Nunn pointed out that former Defense Secretary Bob Gates and retired Adm. Mike Mullen, who was chairman of the Joint Chiefs of Staff, have said the greatest threat to national security is the nation's fiscal crisis.
In past negotiations, Congress and the White House had considered changes in the military's TRICARE health program, which costs more than $50 billion and has exploded into the biggest entitlement program for the Pentagon. Working-age military retirees have only seen small increases in their premium costs as their friends in Congress have fought any changes.
The Pentagon budget already is facing a 10-year reduction of $487 billion in projected spending, the result of the budget agreement reached by Obama and Congress in August 2011.
The days of staunch defense hawks in Congress easily turning back efforts to cut military spending are gone as war fatigue even has reached the fiercest guardians of military spending.
In September, Rep. C.W. Bill Young, R-Fla., chairman of the House Appropriations subcommittee that oversees defense spending, said the United States should withdraw its forces from Afghanistan. The current timetable calls for U.S. combat troops to be out by the end of 2014.
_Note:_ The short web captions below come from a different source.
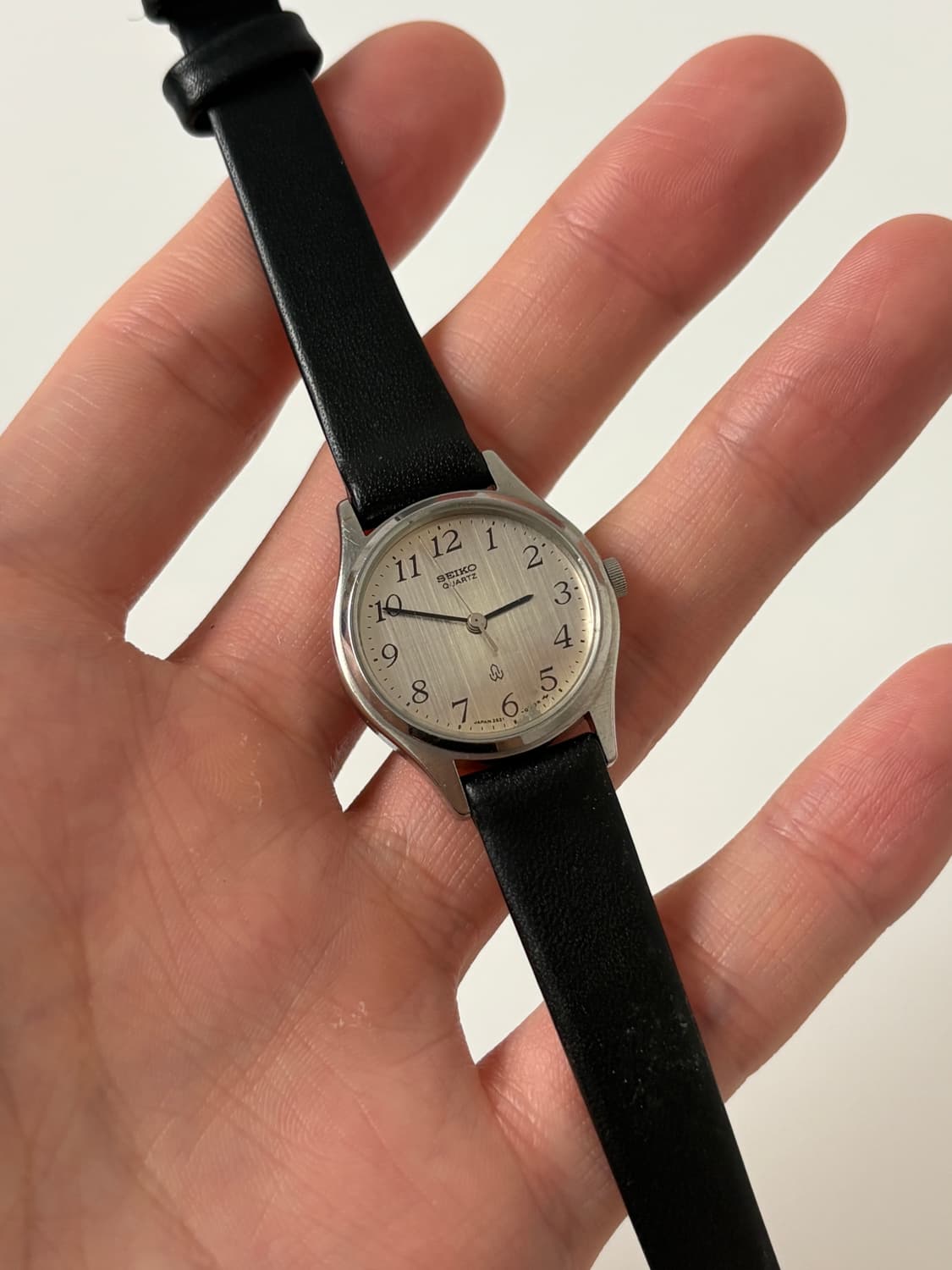 1980s Brushed Dial Silver Ladies Quartz 상품이미지2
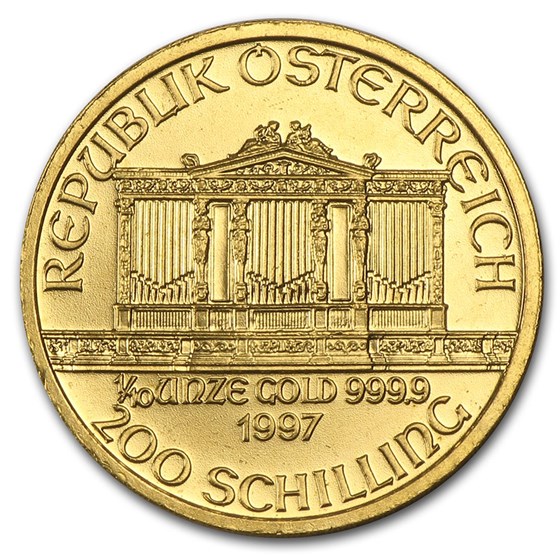 1997 Austria 1/10 oz Gold Philharmonic BU 1997 Austria 1/10 oz Gold Philharmonic BU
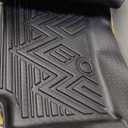 ADVENTURE Floor mat for Chevrolet/Chevy Equinox (Not for EV) 2025 2026/GMC Terrain 2025 2026,All Weather TPE Floor Liners Protection for Terrain/Equinox Accessories,3 Row Anti-Slip Car Mats, Black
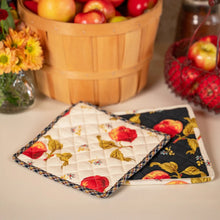 Load image into Gallery viewer, April Cornell - Apple Potholder, Set of 2
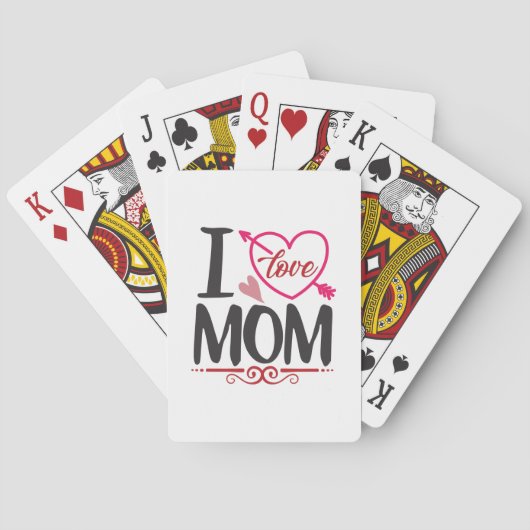 Couple Gift I Liebe Mama Spielkarten (Rückseite)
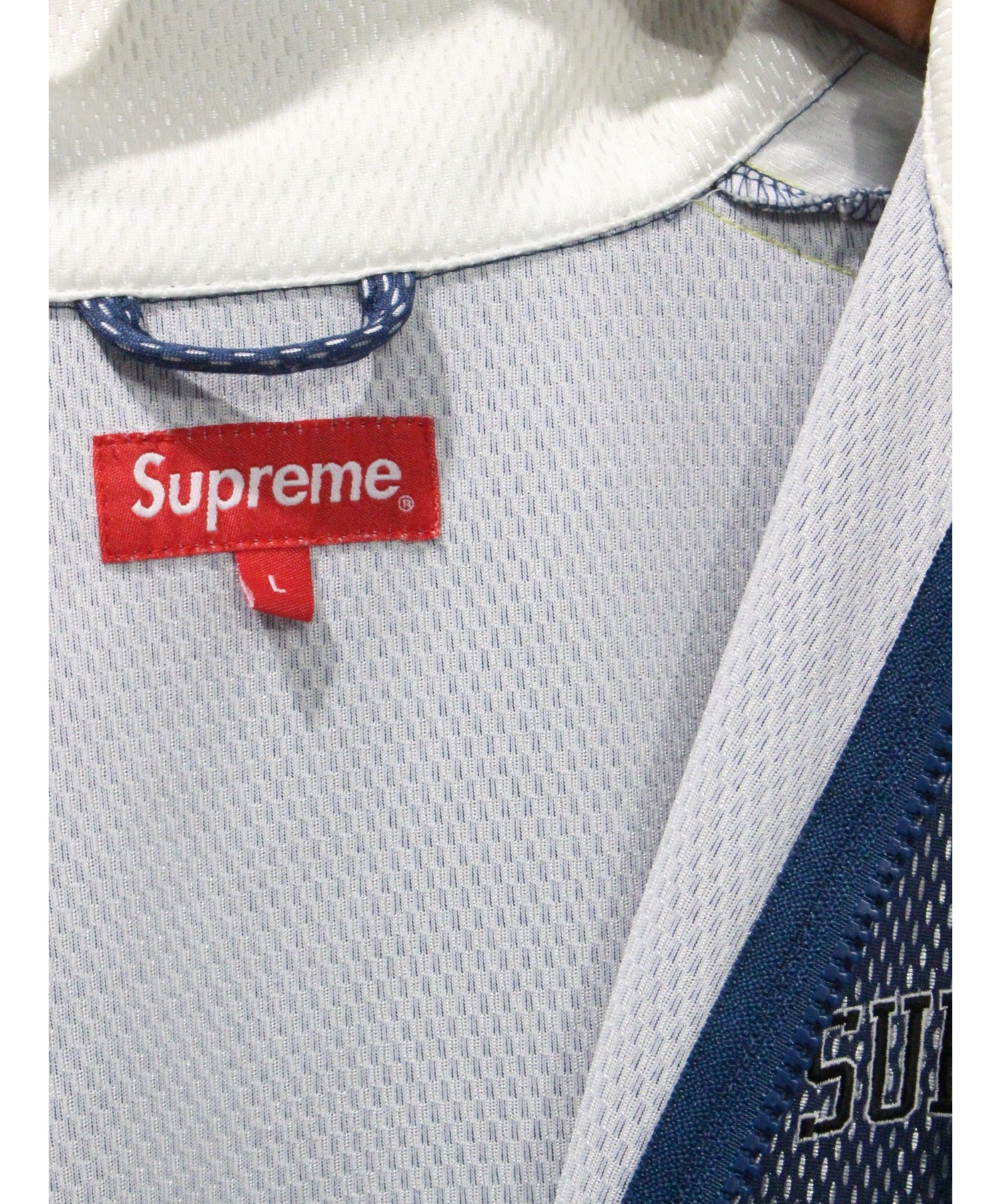 SUPREME (シュプリーム) Bonded Mesh Track Jacket ネイビー サイズ:L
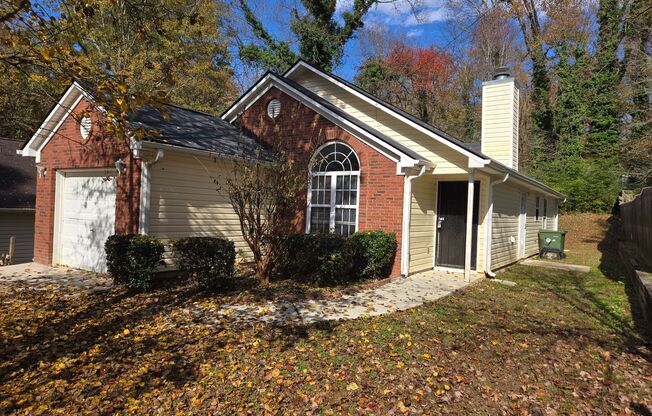 Beautiful 3 bedroom home located in Atlanta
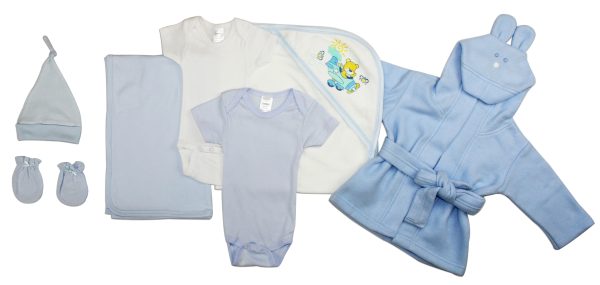 Essential Newborn Baby Boy 7 Piece  Set Ls_0005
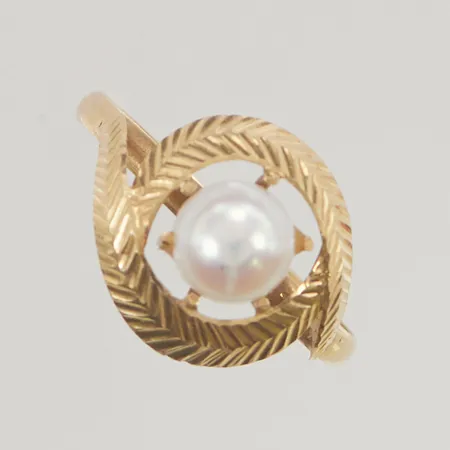 Ring stl:18¾ bredd 14mm 18K 2,2g.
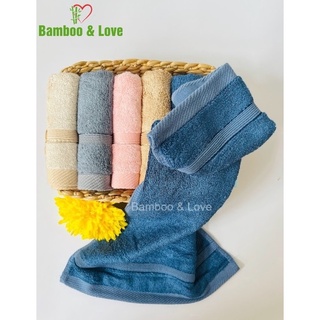 Khăn mặt sợi tre cao cấp Bamboo&love 30x50cm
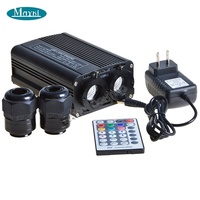 Kit d'éclairage LED à fibre optique 12V avec illuminateur RGBW 32W et faisceau de fibres optiques 2400 pièces pour la nuit du club de fête Star Cloud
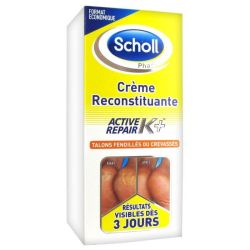 Scholl Crème Anti-Crevasses K+ 25% d'Urée - 120 ml - Répare et régénère les talons fendillés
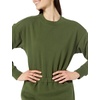 Amazon Essentials Women’s Long Sleeve Sweatshirt Dress(Dark Olive)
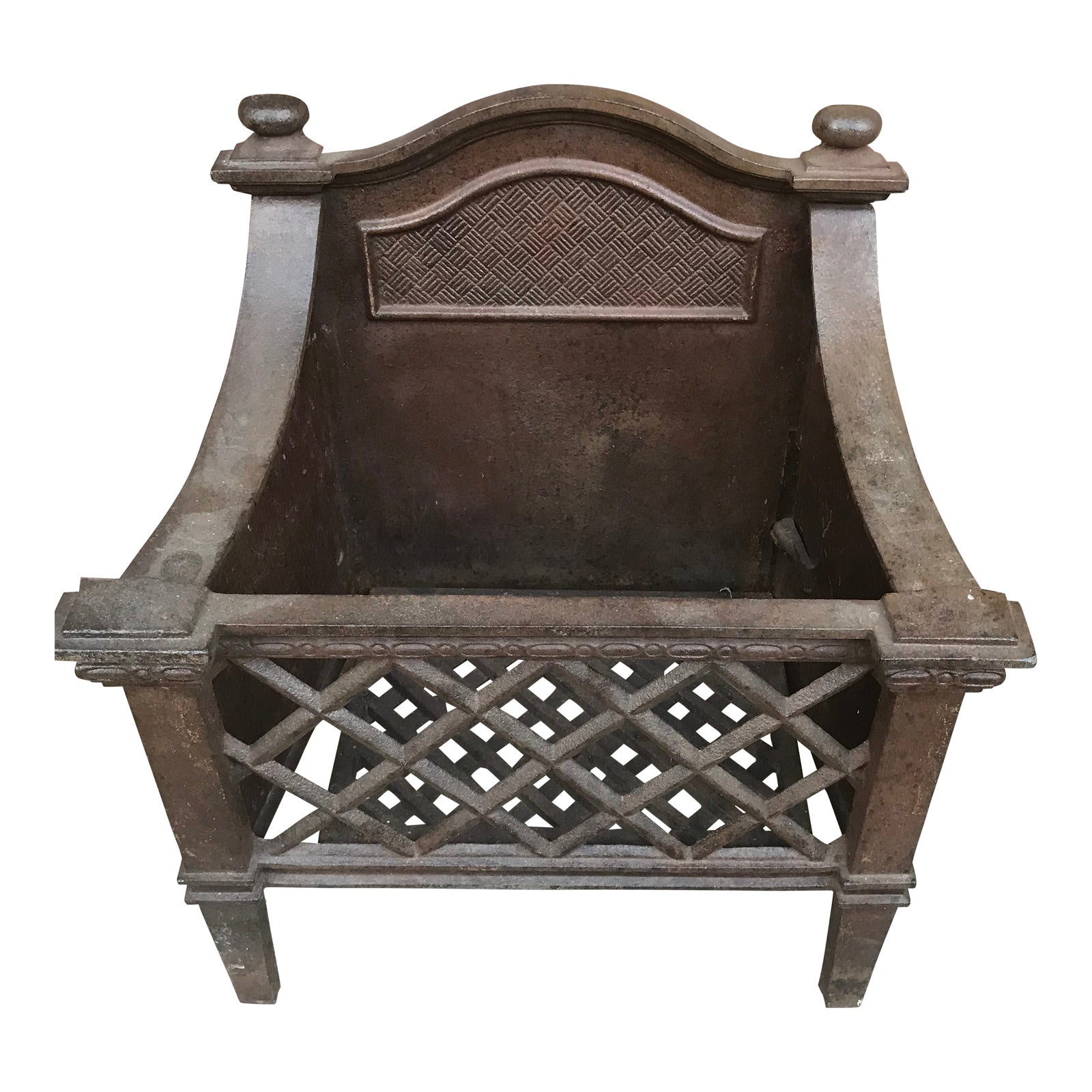 Antique Cast Iron Fireplace Coal or Wood Burning Insert | Chairish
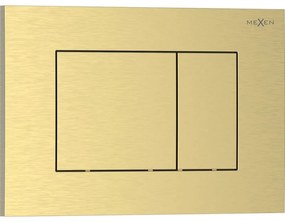 Mexen Tex 02 przycisk spłukujący, złoty szczotkowany - 6102-11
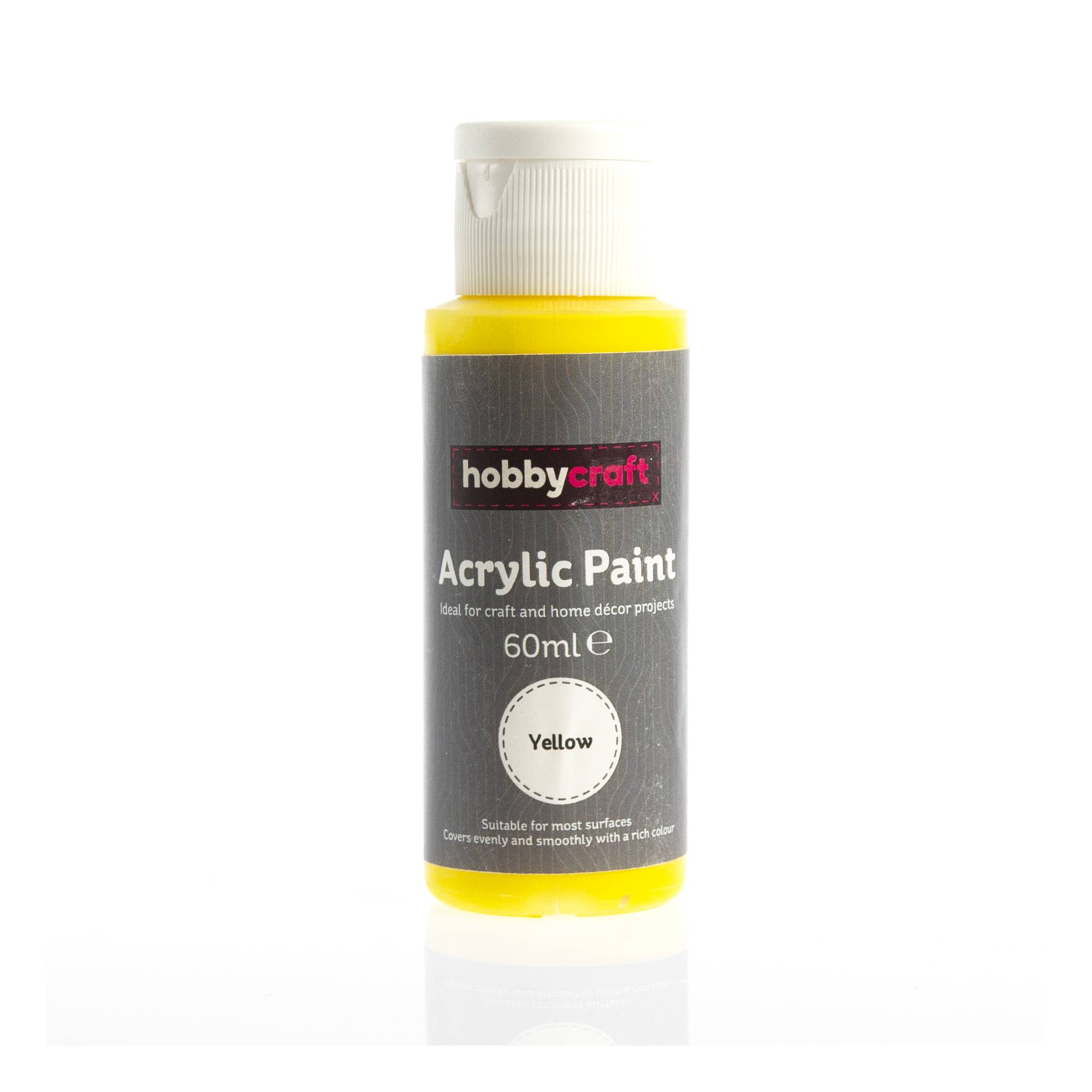 Yellow Acrylic Craft Paint 60ml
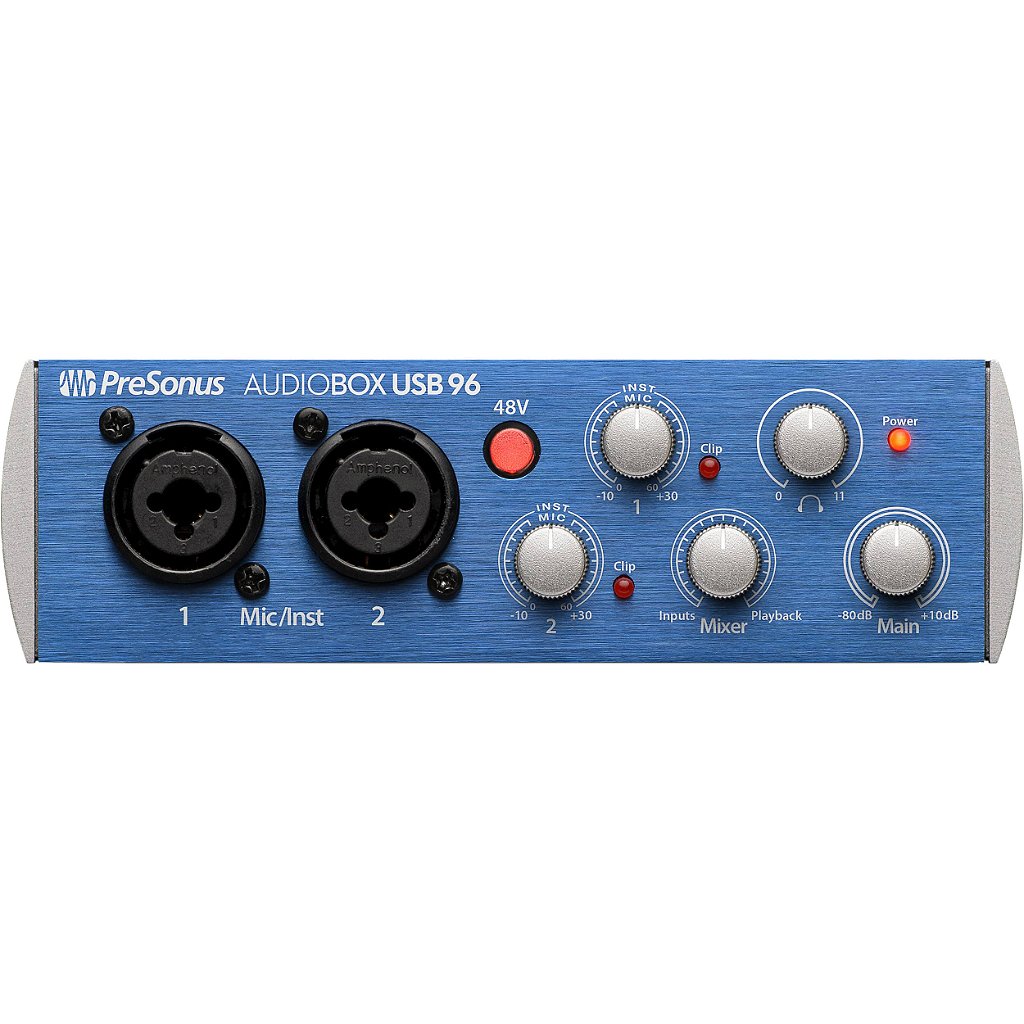 Interface de Áudio AUDIOBOX USB 96 - PRESONUS - Kalifa Áudio Som
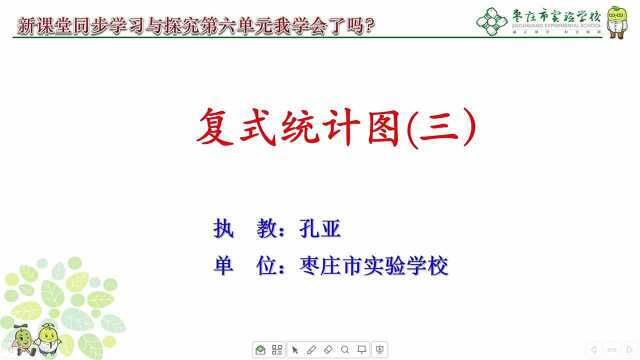 枣庄空中课堂5月8日五年级数学新课堂同步学习与探究6单元我学会了吗《复式统计图三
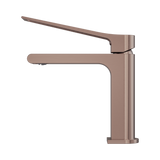 An image of Nero Tapware Bianca Care Basin Mixer Brushed Bronze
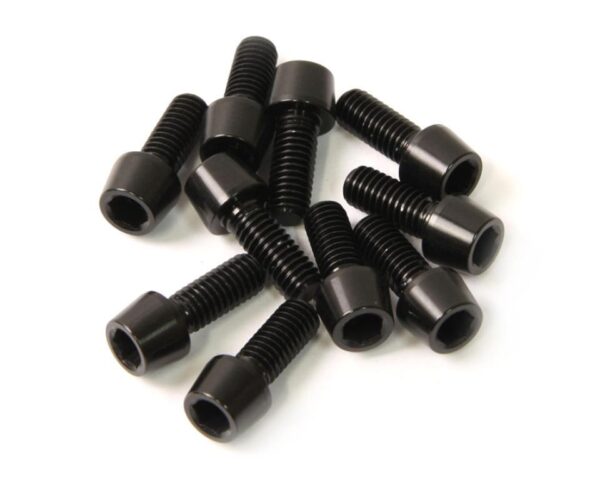 TORNILLOS ALU7075T6 M6X15 NEGRO ANODIZADO 10UNI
"We're killing kids who don't need to die," Young said in an interview with the editorial board of the Tampa Bay Times.
One of the most telling but little-noticed votes this past year came in the House, where a coalition of Democrats led by liberal Rep. Barney Frank, D-Mass., and Republican Rep. Mick Mulvaney, R-S.C., combined forces to persuade lawmakers to freeze defense spending at the current level, cutting $1.1 billion from the $608 billion bill.
The vote was 247-167, with 89 Republicans joining 158 Democrats. It was the clearest signal yet that defense dollars were no longer spared from budget cuts in a time of astronomical deficits.
"Austerity to me means spending less," Mulvaney said at the time. "Total government spending will be up this year. We're still facing a $1 trillion deficit. We need to do better to get our spending under control."
Conservatives from anti-tax leader Grover Norquist to Rep. Jim Jordan, R-Ohio, chairman of the Republican Study Committee, have spoken openly about defense cuts. Norquist, president of Americans for Tax Reform, has rejected the oft-repeated Republican contention that defense spending means jobs.
In an interview with the Cato Institute several months ago, he talked of combating "the idea that the Defense Department is a jobs program."
John Isaacs, executive director of Council for a Livable World and Center for Arms Control and Non-Proliferation, said Republicans are split on defense spending and Norquist speaks for many of Congress' tea partyers.
"I think the tide has kind of turned in some ways against defense thanks to the tea party. They're so much against any kind of spending that they don't exclude defense from that," Isaacs said.
Absent from the next Congress will be many of the protectors of the Pentagon—18-term Rep. Norm Dicks, D-Wash., Sen. Jim Webb, D-Va., and Sen. Joe Lieberman, I-Conn.